IoT System Architectures: Begin with the Data in Mind

Simplistically, there are two components to an IoT system architecture if you look at a basic macro view:
• Things that are generating data
• Information technology that uses data to provide insights and management of those things
A rather simple approach if you had a thing generating data and insights, but we’re relying on minimal data architecture or information technology to manage those processes or controls.
As we dive deeper, we can delineate four sub-components that work together to generate, gather, process and provide insights on the data:
Device | Raw Data | Controls
- The thing
- Gateways, data management and edge nodes
Processing Data | Operations | Management
- Edge IT and data processing
- Data center / cloud
A complete and robust data architecture might have very defined silos around each of the four pieces identified above. Your unique need may however lend itself to a data architecture that is very flexible to allow data aggregation, processing and storage pretty much anywhere in the system – from the thing to the cloud. Generally, the more immediacy for information at the thing, the closer the data processing and insights need to be to the thing.
We will now look closer at each of the four sub-components, and note some of our options for data handling in each area.
1. The “Thing”
It all starts with the thing.
The “thing” in the Internet of Things is an object – a car, tool, a toy, a building, or a really smart grain of rice. This object is typically coupled with sensors that generate data and with actuators that “do stuff” when instructed. These actuators might be responsible for opening a door, closing a valve, or flipping a switch.
The thing could have control over a process, and may or may not want to send data back to the cloud. Although not typical, data could be processed right at the sensor, which would put it at the edgiest of the edge of the network.
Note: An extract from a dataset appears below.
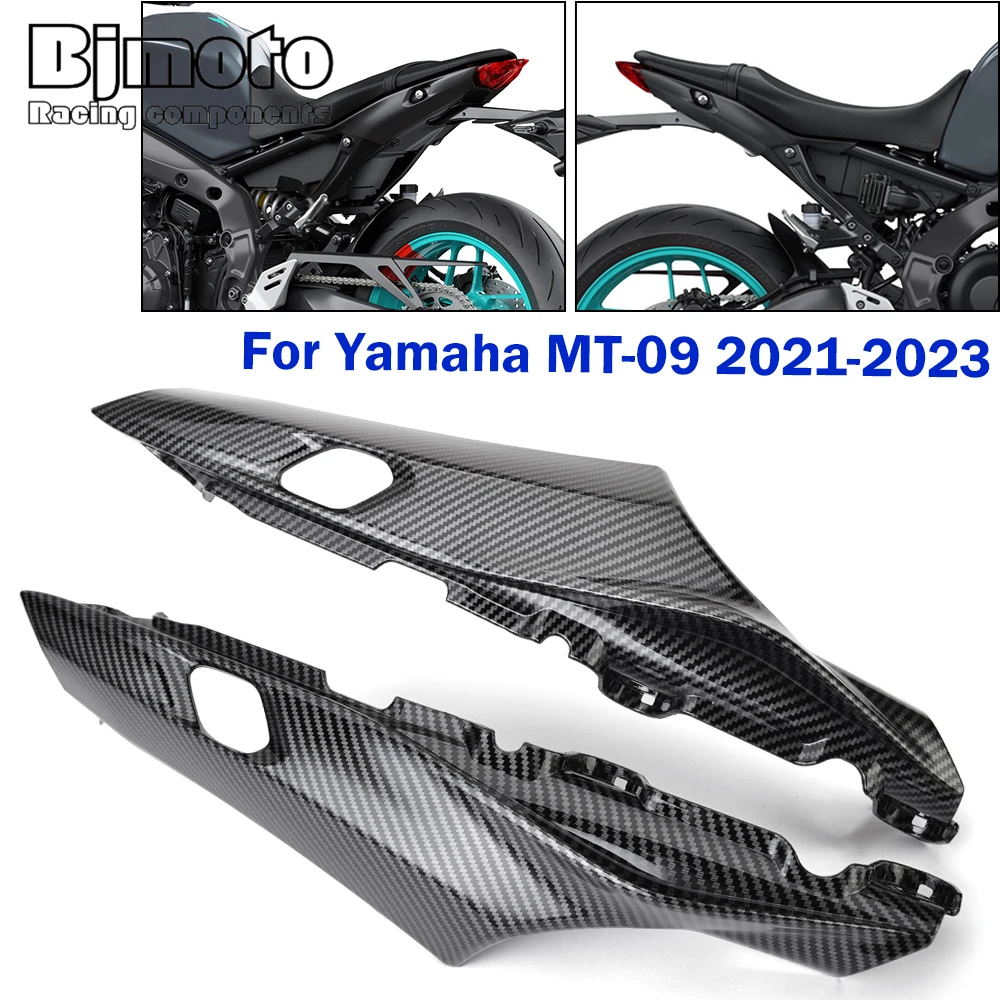 

Motorcycle Rear Passenger Seat Cowl Side Panel Fairing Cover For Yamaha MT-09 MT09 SP 2021 2022 2023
Sensors do not necessarily have to be physically attached to the thing. For example, sensors may need to monitor the temperature in your bedroom for proper operation of your super-cooled pillowcase.*
2. Gateways, Data Management and Edge Nodes
Data from your thing may go straight to the cloud, but a local gateway can enable preprocessing and filtering of data. The gateway can also transmit control commands from the cloud to your thing, which is then equipped to execute commands using actuators.
IoT systems can potentially generate terabytes of data, so your particular IoT system architecture may include some or all of these possible edge node components as part of the gateway in close proximity to the thing.
- Analog-to digital data conversion: Analog data can grow in volume quickly, so preprocessing may be required before sending to the data center or the cloud.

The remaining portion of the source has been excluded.